Required action |
Every entry must be set down exactly in the answer; no pictures should appear.

Working data |
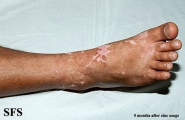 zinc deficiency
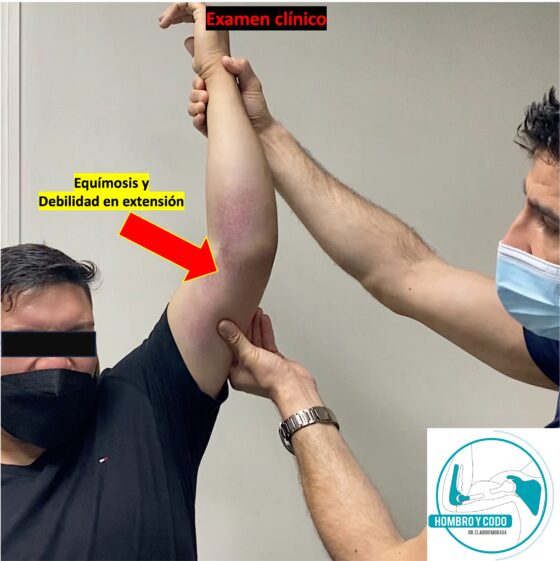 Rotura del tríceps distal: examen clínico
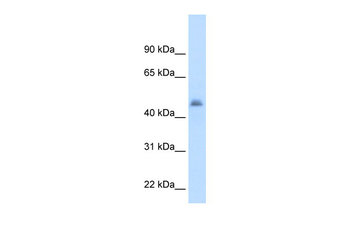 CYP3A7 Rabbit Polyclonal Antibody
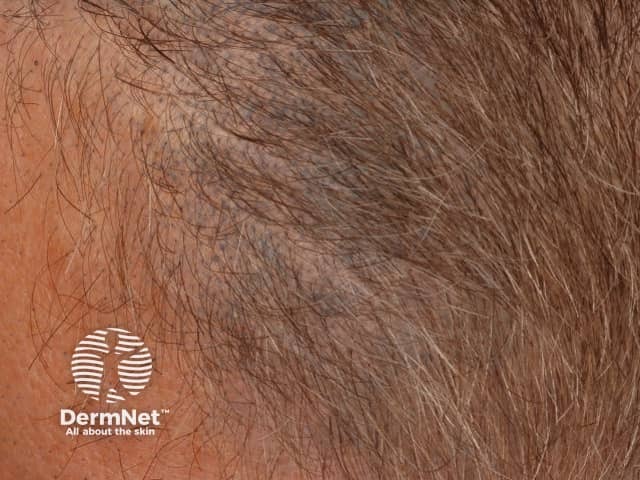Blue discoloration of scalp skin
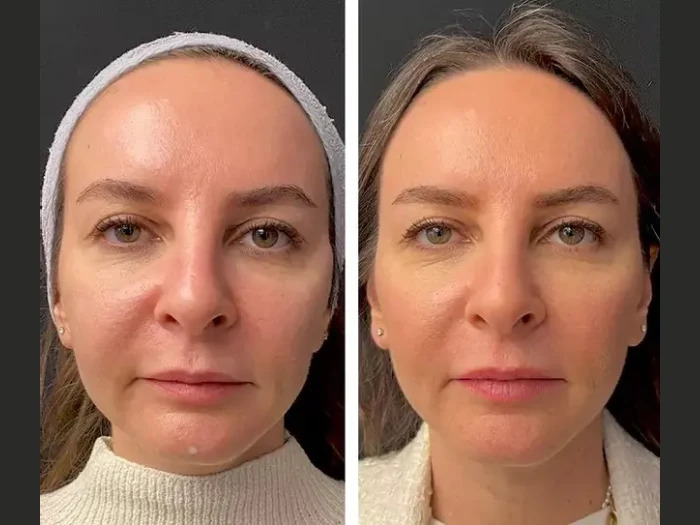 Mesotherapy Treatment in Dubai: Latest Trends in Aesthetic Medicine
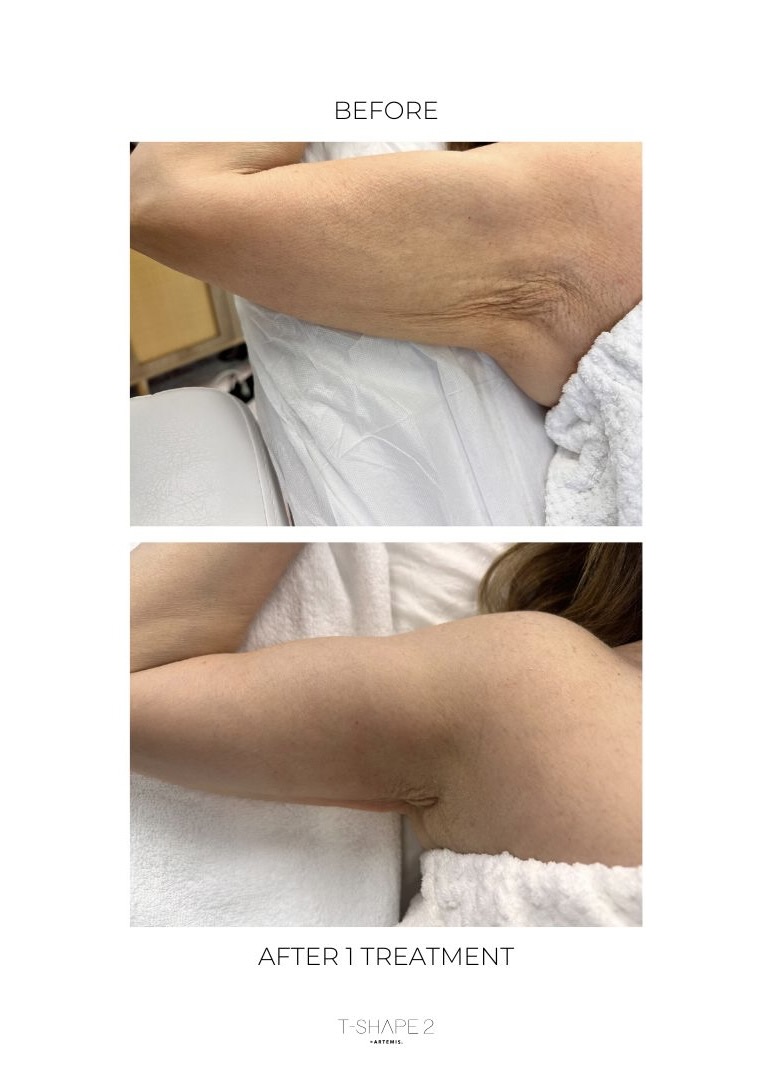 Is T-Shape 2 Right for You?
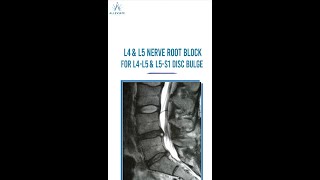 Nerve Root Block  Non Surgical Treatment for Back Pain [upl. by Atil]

Solved problem |
 zinc deficiency
 Rotura del tríceps distal: examen clínico
 CYP3A7 Rabbit Polyclonal Antibody
Blue discoloration of scalp skin
 Mesotherapy Treatment in Dubai: Latest Trends in Aesthetic Medicine
 Is T-Shape 2 Right for You?
 Nerve Root Block  Non Surgical Treatment for Back Pain [upl. by Atil]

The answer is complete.